### Exercise inputs

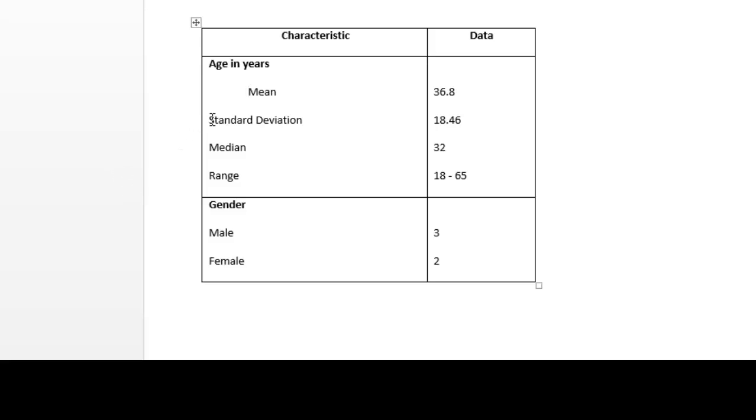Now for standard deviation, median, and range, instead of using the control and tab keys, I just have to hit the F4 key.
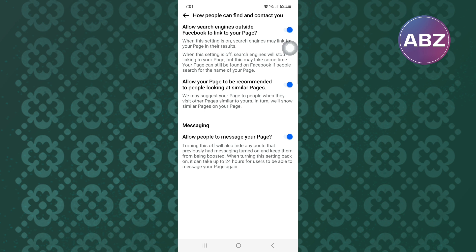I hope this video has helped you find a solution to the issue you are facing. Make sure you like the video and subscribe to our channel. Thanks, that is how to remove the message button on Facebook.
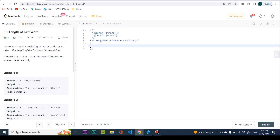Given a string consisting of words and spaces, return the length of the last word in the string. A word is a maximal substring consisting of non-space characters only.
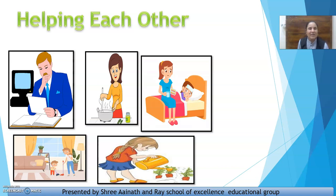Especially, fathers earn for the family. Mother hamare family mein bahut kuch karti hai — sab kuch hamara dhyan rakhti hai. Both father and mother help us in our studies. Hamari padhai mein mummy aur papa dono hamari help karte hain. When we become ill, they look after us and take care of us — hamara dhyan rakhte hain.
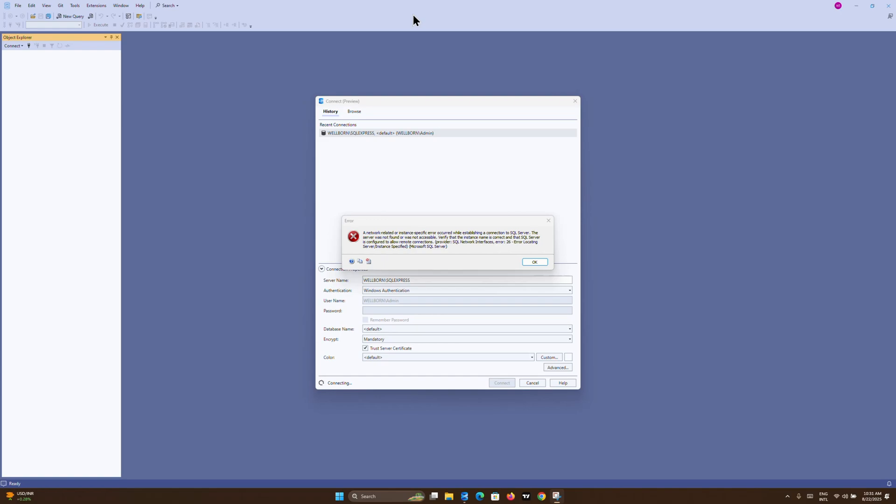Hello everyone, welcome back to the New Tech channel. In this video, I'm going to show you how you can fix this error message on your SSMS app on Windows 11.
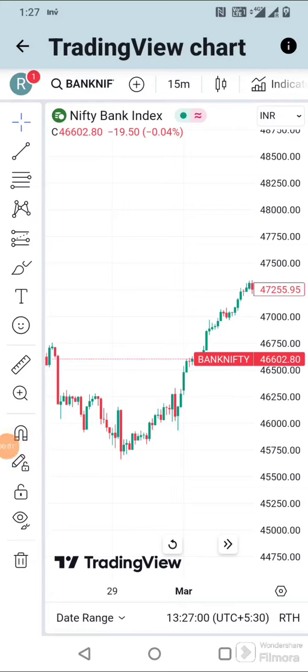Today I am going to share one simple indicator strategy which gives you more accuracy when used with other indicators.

######

**The problem:** The pictures should not be reproduced; quote all of the other material exactly.

**Result for this task:**
Now for standard deviation, median, and range, instead of using the control and tab keys, I just have to hit the F4 key.
I hope this video has helped you find a solution to the issue you are facing. Make sure you like the video and subscribe to our channel. Thanks, that is how to remove the message button on Facebook.
Given a string consisting of words and spaces, return the length of the last word in the string. A word is a maximal substring consisting of non-space characters only.
Especially, fathers earn for the family. Mother hamare family mein bahut kuch karti hai — sab kuch hamara dhyan rakhti hai. Both father and mother help us in our studies. Hamari padhai mein mummy aur papa dono hamari help karte hain. When we become ill, they look after us and take care of us — hamara dhyan rakhte hain.
Hello everyone, welcome back to the New Tech channel. In this video, I'm going to show you how you can fix this error message on your SSMS app on Windows 11.
Today I am going to share one simple indicator strategy which gives you more accuracy when used with other indicators.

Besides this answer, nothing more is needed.